§ **EXERCISE DETAILS**
An exact transcription of the lines from the one holding "Algopix Similar Product" to the end of the entries below, and nothing more, is the required answer. Please omit the pictures.

(Short web captions)
========================
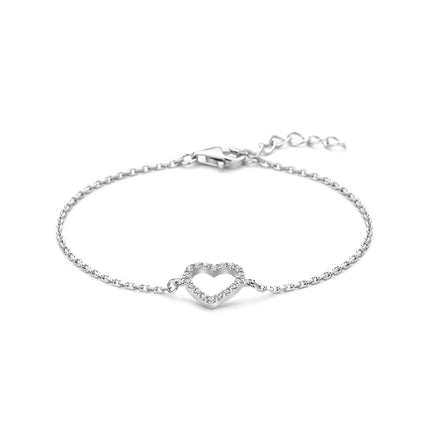Devotion Bracelet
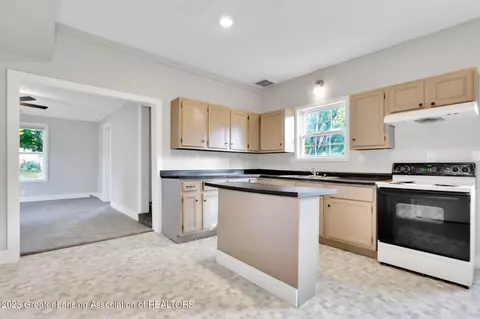 641 E Isham St, Lyons, MI 48851 photo 12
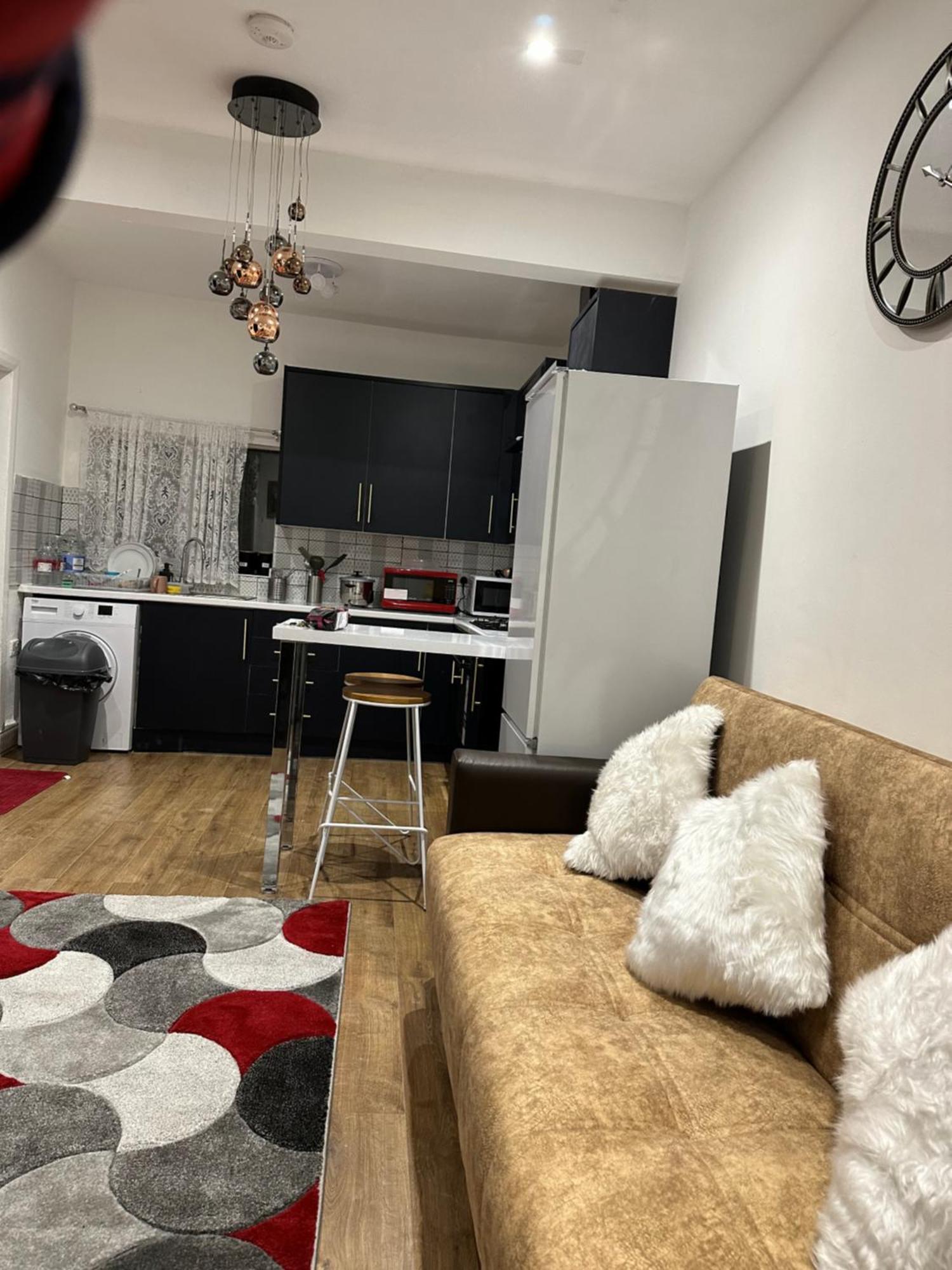 City Excel 3* Londres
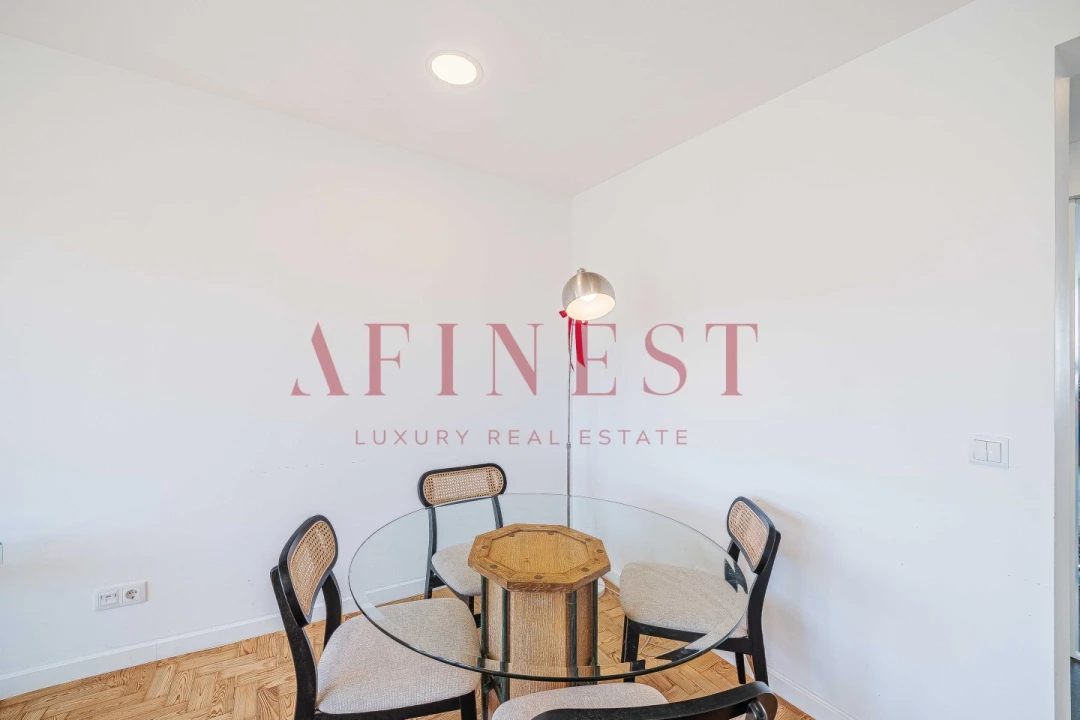 Apartamento T2 para Venda em Alcabideche Foto 17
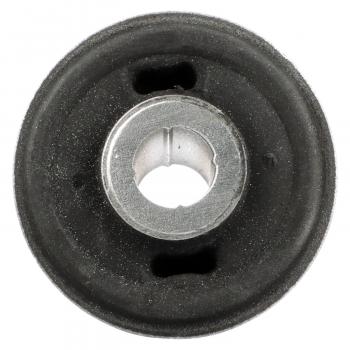 2005 Saturn Relay Suspension Control Arm Bushing Rear Lower Delphi TD4716W image 3 of 4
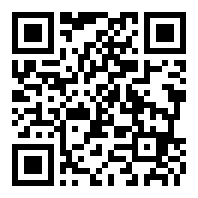 Trendbet 789 Bahis Hakkında Bilgi - Trendbet - Trendbet 789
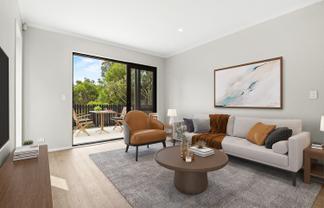 3/5 Parapara Place, Albany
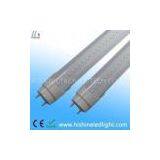 Ultra Bright 8W LED Tube Light/Lamp thumbnail-1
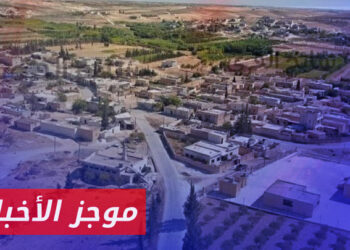 موجز أخبار الثانية 26 09 2024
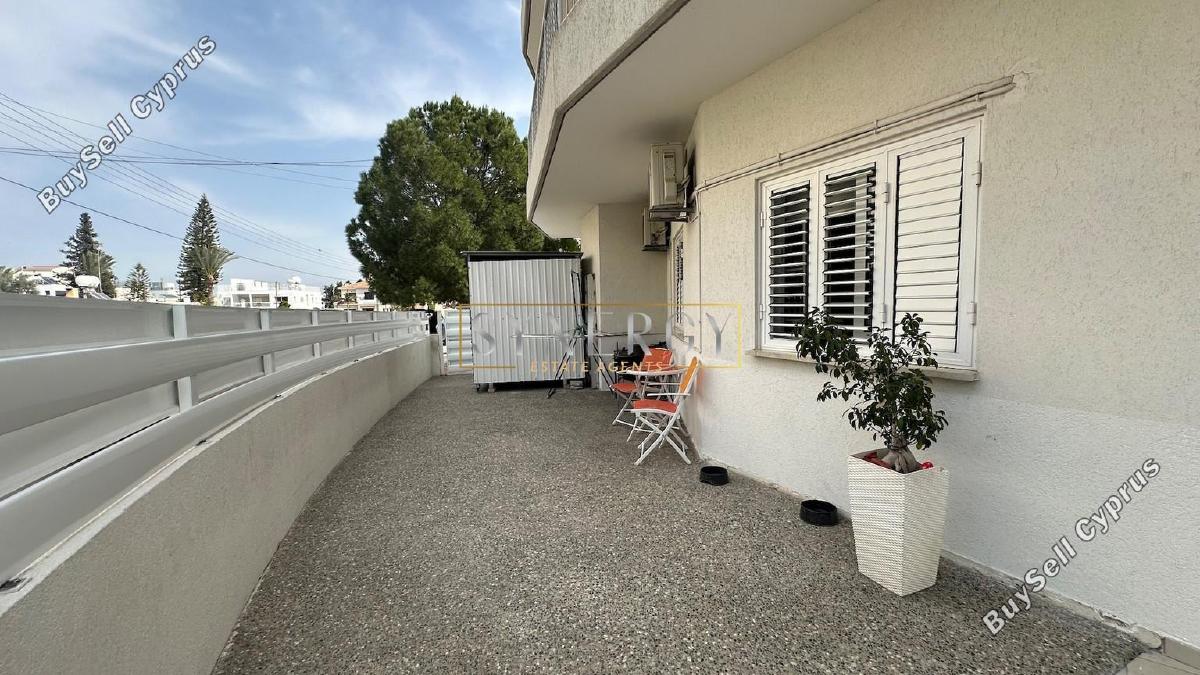 2 bedroom ground floor apartment for sale strovolos nicosia 1714273 image 7144348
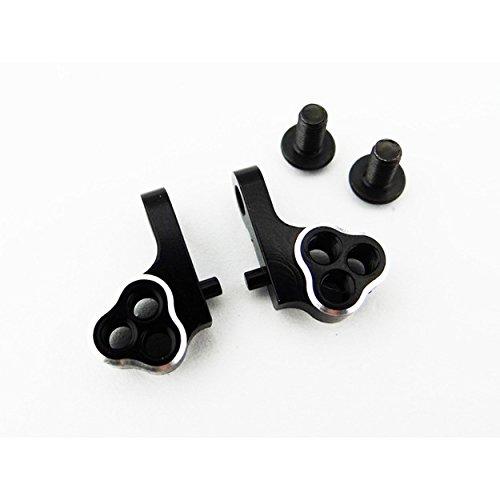 Algopix Similar Product 10 - 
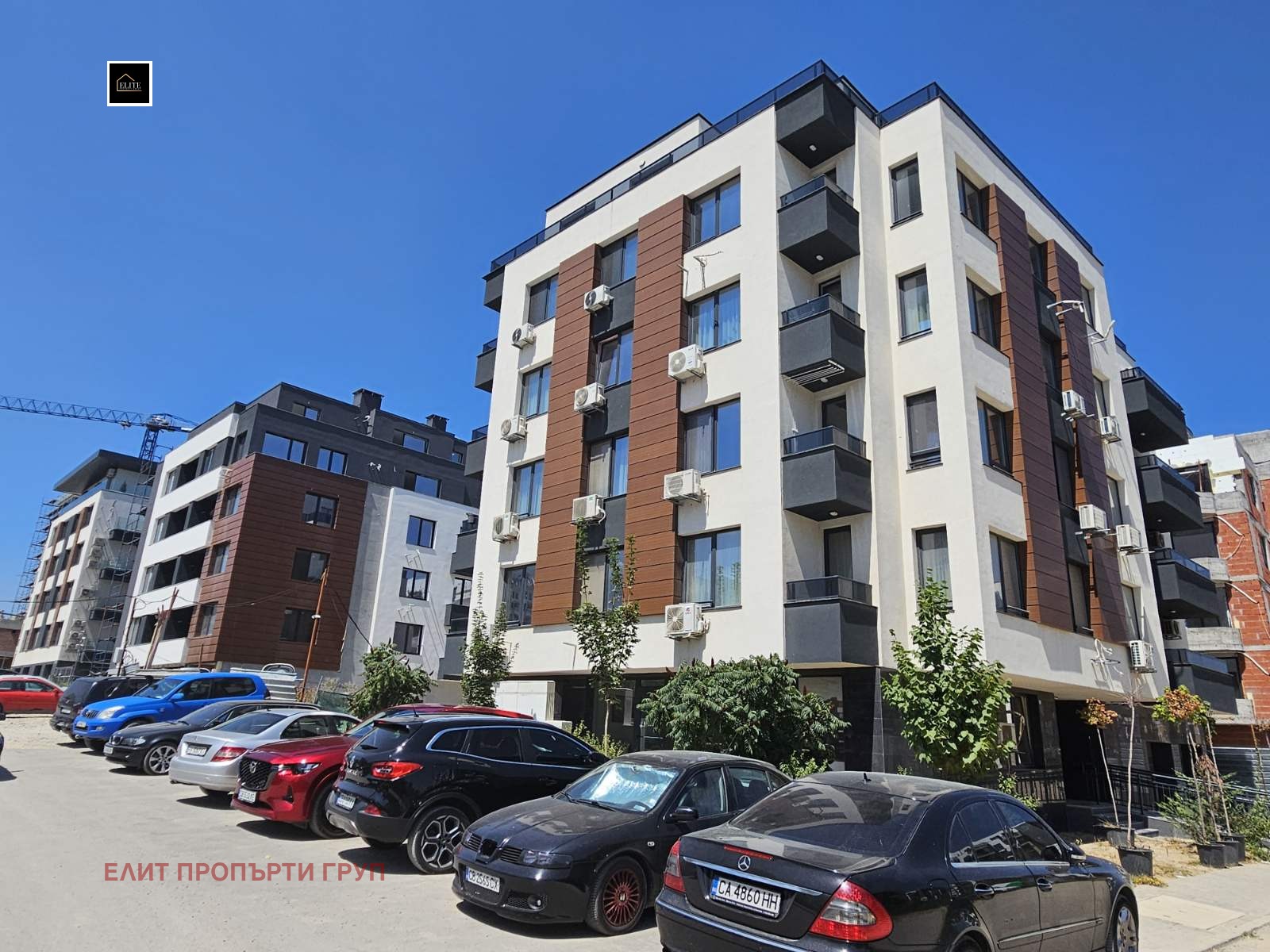 ������� 2-����� | Imot.bg � ����������� 2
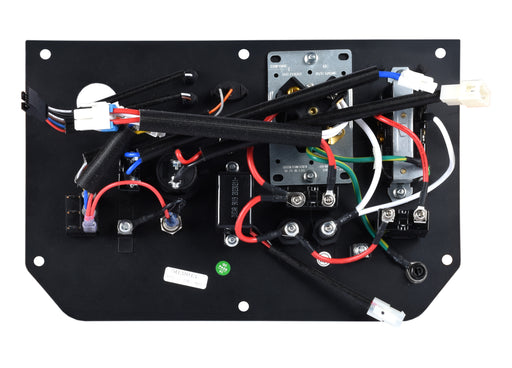 DUP503893 (2).jpg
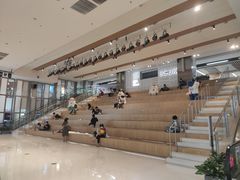 -乐凯撒披萨(中心书城店)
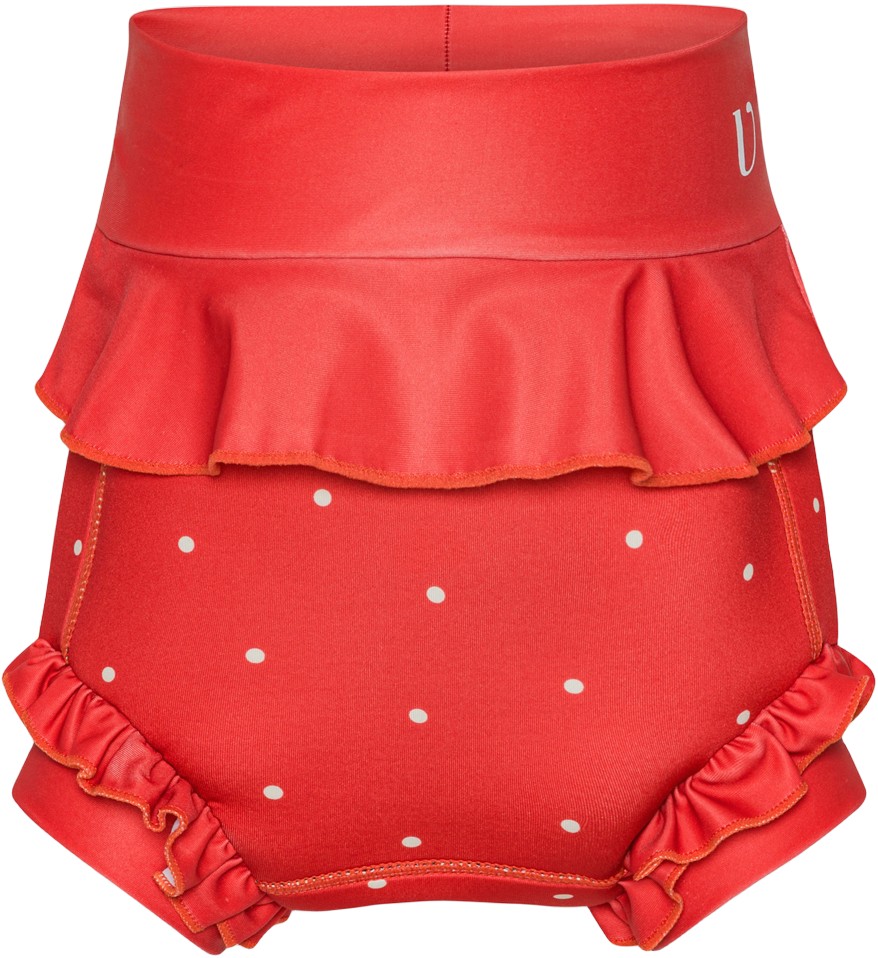 Blebadebukser Neopren - DKK 165 - Spar 25%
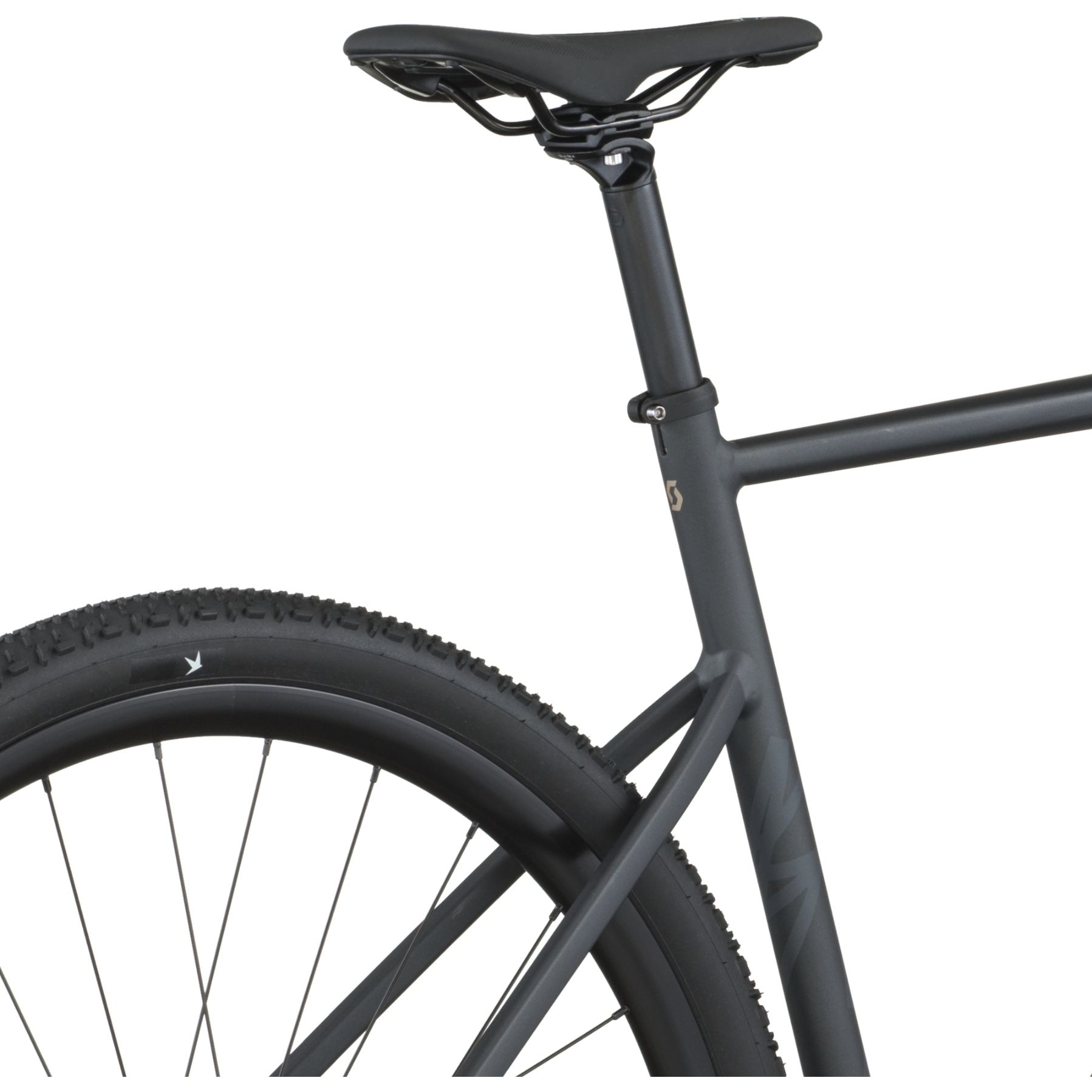 Scott Speedster Gravel 30 2026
========================
§ **EXPECTED ANSWER**
 Algopix Similar Product 10 - 
 ������� 2-����� | Imot.bg � ����������� 2
 DUP503893 (2).jpg
 -乐凯撒披萨(中心书城店)
 Blebadebukser Neopren - DKK 165 - Spar 25%
 Scott Speedster Gravel 30 2026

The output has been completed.